В одну из таких минут, поэт создал произведение, доставившее ему потом много неприятностей. "Гаврилиада", напечатанная полностью в России совсем недавно, является памятником неуспевшего вкорениться у Пушкина, но все же знакомого ему цинического нигилизма. Ехидный вольтерианский смешок соединяется здесь с кровавой иронией в духе Байрона. По совершенно верному замечанию П. Е. Щеголева, "Гаврилиада" содержит в себе не только издевательство над религией, но и яростное оскорбление любви. Нельзя поэтому пройти мимо этой "отысканной в архивах ада поэмы", излагая историю сердечной жизни Пушкина.

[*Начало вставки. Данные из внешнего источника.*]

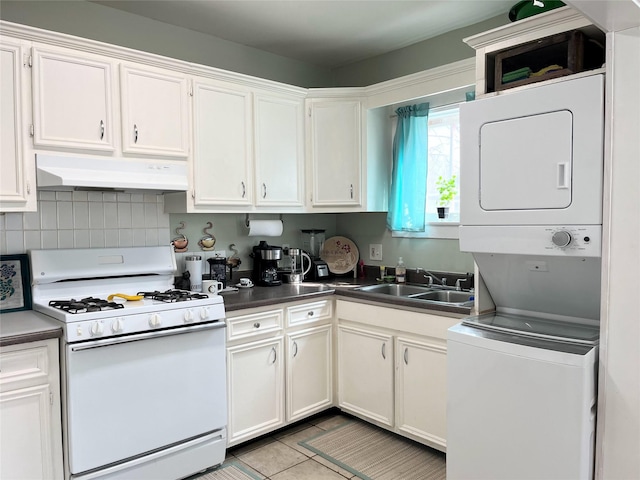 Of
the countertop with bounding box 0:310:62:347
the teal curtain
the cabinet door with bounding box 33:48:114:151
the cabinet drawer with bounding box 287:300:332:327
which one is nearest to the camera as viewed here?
the countertop with bounding box 0:310:62:347

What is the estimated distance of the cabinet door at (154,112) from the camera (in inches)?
99.1

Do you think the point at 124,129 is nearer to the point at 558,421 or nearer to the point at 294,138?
the point at 294,138

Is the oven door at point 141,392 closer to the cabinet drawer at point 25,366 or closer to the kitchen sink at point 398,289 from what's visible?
the cabinet drawer at point 25,366

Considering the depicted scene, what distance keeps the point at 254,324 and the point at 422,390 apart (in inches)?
39.4

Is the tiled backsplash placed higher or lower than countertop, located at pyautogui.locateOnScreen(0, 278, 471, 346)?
higher

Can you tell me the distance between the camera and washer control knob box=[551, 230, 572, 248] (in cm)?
180

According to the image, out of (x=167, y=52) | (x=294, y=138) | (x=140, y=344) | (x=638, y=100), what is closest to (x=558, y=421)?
(x=638, y=100)

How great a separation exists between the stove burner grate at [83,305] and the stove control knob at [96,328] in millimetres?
75

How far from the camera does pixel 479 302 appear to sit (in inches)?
90.1

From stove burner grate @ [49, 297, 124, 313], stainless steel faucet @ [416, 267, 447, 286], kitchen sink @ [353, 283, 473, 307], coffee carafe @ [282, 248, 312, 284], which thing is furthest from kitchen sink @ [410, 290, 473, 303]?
stove burner grate @ [49, 297, 124, 313]

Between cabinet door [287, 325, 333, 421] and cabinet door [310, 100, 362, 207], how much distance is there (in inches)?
36.3

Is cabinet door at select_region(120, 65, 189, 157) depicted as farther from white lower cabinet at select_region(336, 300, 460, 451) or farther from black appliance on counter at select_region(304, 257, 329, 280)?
white lower cabinet at select_region(336, 300, 460, 451)

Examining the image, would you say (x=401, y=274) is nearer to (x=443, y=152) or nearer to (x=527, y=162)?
(x=443, y=152)

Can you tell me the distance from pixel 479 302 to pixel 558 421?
2.18 feet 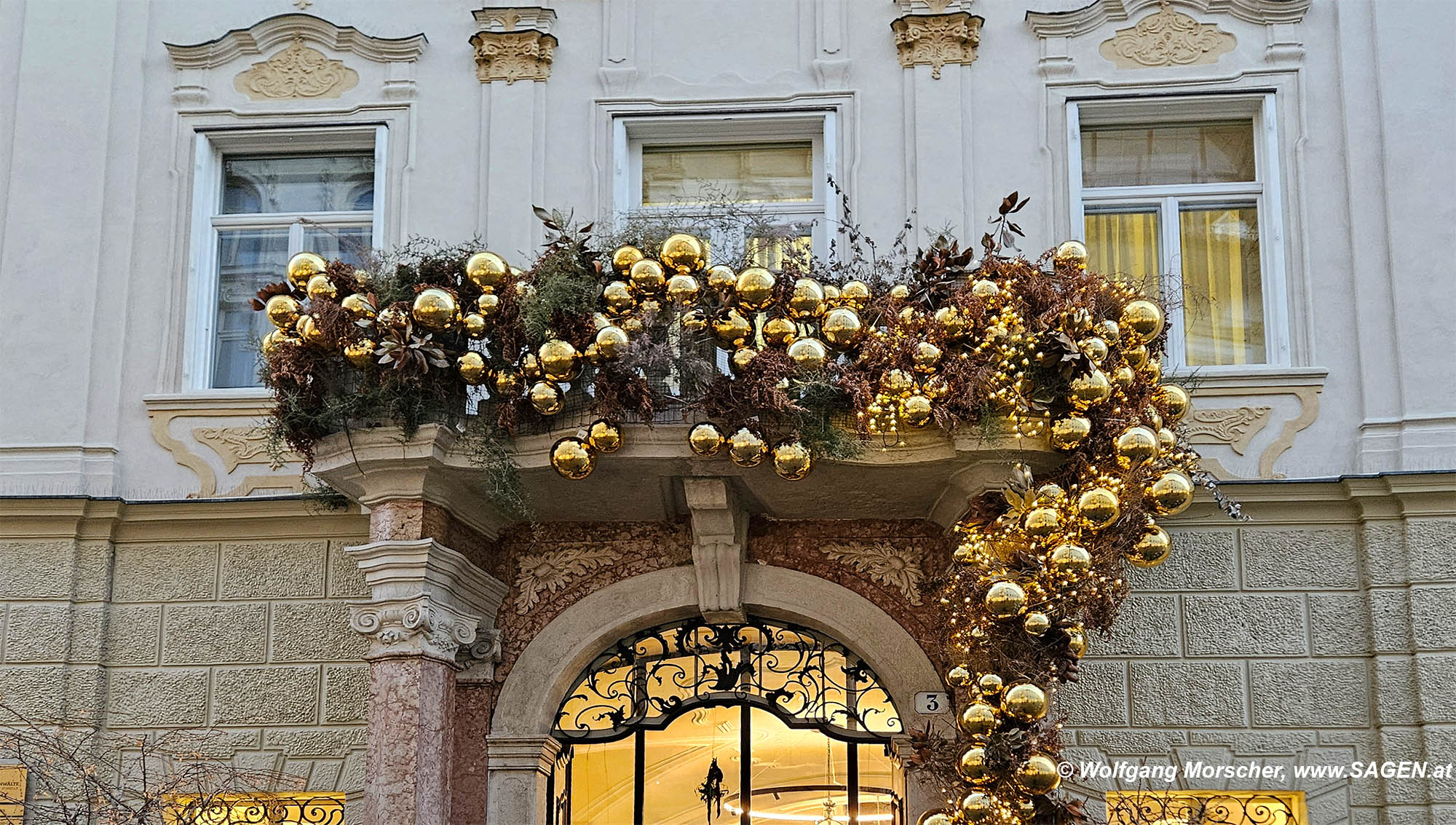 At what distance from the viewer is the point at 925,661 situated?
9.03 meters

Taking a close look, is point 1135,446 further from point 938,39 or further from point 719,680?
point 938,39

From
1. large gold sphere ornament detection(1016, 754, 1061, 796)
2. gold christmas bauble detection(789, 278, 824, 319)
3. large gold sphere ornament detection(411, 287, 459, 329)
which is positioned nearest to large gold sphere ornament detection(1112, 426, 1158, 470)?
large gold sphere ornament detection(1016, 754, 1061, 796)

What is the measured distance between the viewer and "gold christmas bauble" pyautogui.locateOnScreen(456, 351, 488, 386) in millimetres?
7891

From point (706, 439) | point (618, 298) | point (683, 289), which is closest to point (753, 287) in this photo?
point (683, 289)

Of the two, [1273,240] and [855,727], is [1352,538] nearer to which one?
[1273,240]

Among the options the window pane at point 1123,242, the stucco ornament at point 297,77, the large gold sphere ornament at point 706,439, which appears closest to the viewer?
the large gold sphere ornament at point 706,439

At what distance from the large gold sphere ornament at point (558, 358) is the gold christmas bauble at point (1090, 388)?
213 cm

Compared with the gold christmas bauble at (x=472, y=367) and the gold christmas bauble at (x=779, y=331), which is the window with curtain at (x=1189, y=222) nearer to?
the gold christmas bauble at (x=779, y=331)

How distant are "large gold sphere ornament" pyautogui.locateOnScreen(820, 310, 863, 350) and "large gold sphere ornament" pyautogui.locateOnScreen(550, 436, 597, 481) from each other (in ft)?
3.75

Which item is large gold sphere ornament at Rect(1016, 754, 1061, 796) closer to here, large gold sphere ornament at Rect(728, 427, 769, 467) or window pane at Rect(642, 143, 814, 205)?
large gold sphere ornament at Rect(728, 427, 769, 467)

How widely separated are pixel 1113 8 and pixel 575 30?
2.99 m

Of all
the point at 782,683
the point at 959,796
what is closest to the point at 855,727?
the point at 782,683

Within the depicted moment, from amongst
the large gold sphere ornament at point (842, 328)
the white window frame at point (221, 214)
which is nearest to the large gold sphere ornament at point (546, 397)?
the large gold sphere ornament at point (842, 328)

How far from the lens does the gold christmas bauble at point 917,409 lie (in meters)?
7.77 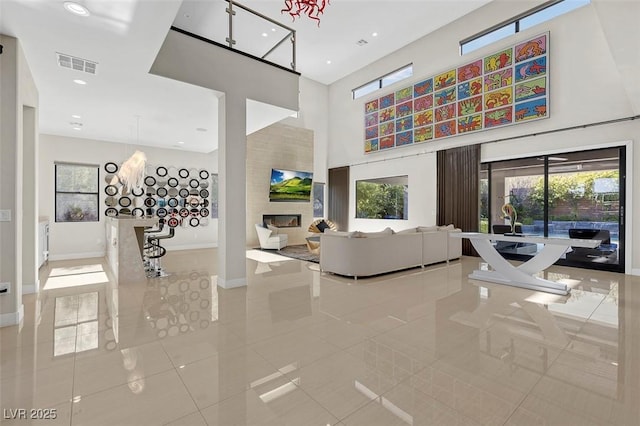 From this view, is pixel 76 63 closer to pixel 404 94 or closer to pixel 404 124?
pixel 404 124

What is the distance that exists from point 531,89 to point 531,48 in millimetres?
915

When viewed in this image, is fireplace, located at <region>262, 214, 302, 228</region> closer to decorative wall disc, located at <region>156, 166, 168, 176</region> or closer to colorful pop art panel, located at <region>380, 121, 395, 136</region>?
decorative wall disc, located at <region>156, 166, 168, 176</region>

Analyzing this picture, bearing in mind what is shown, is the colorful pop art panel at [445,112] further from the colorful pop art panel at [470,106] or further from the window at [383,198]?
the window at [383,198]

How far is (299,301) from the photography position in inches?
164

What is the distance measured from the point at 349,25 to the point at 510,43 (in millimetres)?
3989

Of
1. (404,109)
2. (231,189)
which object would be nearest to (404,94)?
(404,109)

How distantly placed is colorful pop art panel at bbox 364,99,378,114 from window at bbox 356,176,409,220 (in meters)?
2.33

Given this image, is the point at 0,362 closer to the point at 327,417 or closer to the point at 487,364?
the point at 327,417

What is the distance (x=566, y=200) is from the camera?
6.64 meters

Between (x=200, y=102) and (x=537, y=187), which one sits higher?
(x=200, y=102)

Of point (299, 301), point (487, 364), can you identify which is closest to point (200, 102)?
point (299, 301)

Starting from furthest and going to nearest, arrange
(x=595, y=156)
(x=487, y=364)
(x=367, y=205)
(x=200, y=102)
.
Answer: (x=367, y=205)
(x=595, y=156)
(x=200, y=102)
(x=487, y=364)

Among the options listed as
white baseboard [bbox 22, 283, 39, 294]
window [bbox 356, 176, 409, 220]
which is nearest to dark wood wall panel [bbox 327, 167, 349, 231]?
window [bbox 356, 176, 409, 220]

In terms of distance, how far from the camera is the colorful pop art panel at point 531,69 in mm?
6723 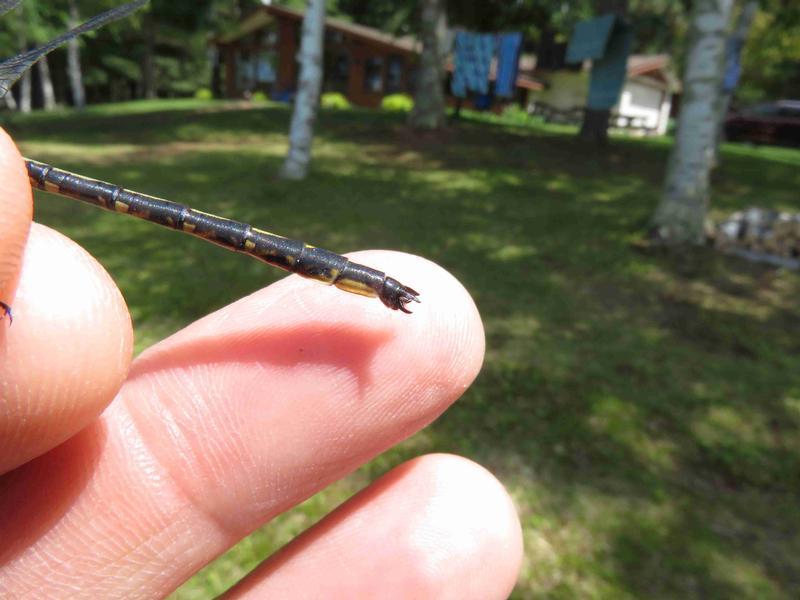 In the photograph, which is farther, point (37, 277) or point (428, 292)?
point (428, 292)

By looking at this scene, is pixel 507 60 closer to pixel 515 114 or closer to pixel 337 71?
pixel 515 114

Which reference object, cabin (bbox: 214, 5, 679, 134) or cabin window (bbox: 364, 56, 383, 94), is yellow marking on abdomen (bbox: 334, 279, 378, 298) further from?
cabin window (bbox: 364, 56, 383, 94)

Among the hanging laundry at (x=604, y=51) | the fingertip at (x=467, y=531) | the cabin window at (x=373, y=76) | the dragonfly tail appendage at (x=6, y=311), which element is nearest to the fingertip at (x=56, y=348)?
the dragonfly tail appendage at (x=6, y=311)

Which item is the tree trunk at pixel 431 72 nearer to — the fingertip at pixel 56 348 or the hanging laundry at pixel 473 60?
the hanging laundry at pixel 473 60

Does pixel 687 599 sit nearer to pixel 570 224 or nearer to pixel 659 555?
pixel 659 555

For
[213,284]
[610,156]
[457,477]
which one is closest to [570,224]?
[213,284] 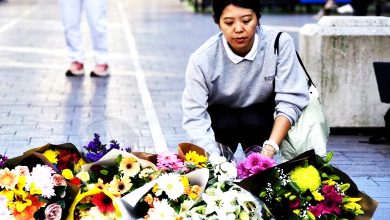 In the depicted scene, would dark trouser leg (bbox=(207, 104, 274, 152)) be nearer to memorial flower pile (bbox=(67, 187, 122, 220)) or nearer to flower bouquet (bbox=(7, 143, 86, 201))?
flower bouquet (bbox=(7, 143, 86, 201))

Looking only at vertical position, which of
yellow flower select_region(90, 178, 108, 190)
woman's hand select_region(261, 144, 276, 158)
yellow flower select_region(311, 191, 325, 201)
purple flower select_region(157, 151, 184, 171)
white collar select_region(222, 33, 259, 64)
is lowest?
woman's hand select_region(261, 144, 276, 158)

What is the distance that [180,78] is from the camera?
1040cm

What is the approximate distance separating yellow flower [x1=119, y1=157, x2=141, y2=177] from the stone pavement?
0.60 m

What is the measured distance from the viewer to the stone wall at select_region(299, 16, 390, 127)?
7.23 m

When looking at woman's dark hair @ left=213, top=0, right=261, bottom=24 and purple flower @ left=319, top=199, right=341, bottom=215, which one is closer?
purple flower @ left=319, top=199, right=341, bottom=215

Он много раз пытался "разоблачить пленительный кумир", растоптать ногами идеал чистой женственности и показать воочию "призрак безобразный", скрывающийся за ним. Ко никогда ему не удалесь столь успешно разрешить эту задачу, как в "Гаврилиаде".
В прологе "Гаврилиады", равно как в некоторых одновременных с нею и довольно непристойных эпиграммах, мы встречаем образ какой-то еврейки, за поцелуй которой Пушкин, разумеется, в шутку, выражает даже готовность приступить к вере Моисея. Осталось неизвестным, кого имел он при этом в виду. Еврейкой прозвали в Кишиневе Марию Егоровну Эйхфельдт, урожденную Мило, жену обер-бергауптмана Ивана Ивановича. Считалось почему-то, что она похожа на Ревекку – героиню известного романа Вальтер-Скотта "Айвенго". Но Мария Егоровна состояла в многолетней и прочной связи с приятелем Пушкина Н. С. Алексеевым, и поэт не однажды в прозе и в стихах отрекался от всяких видов на прекрасную Ревекку.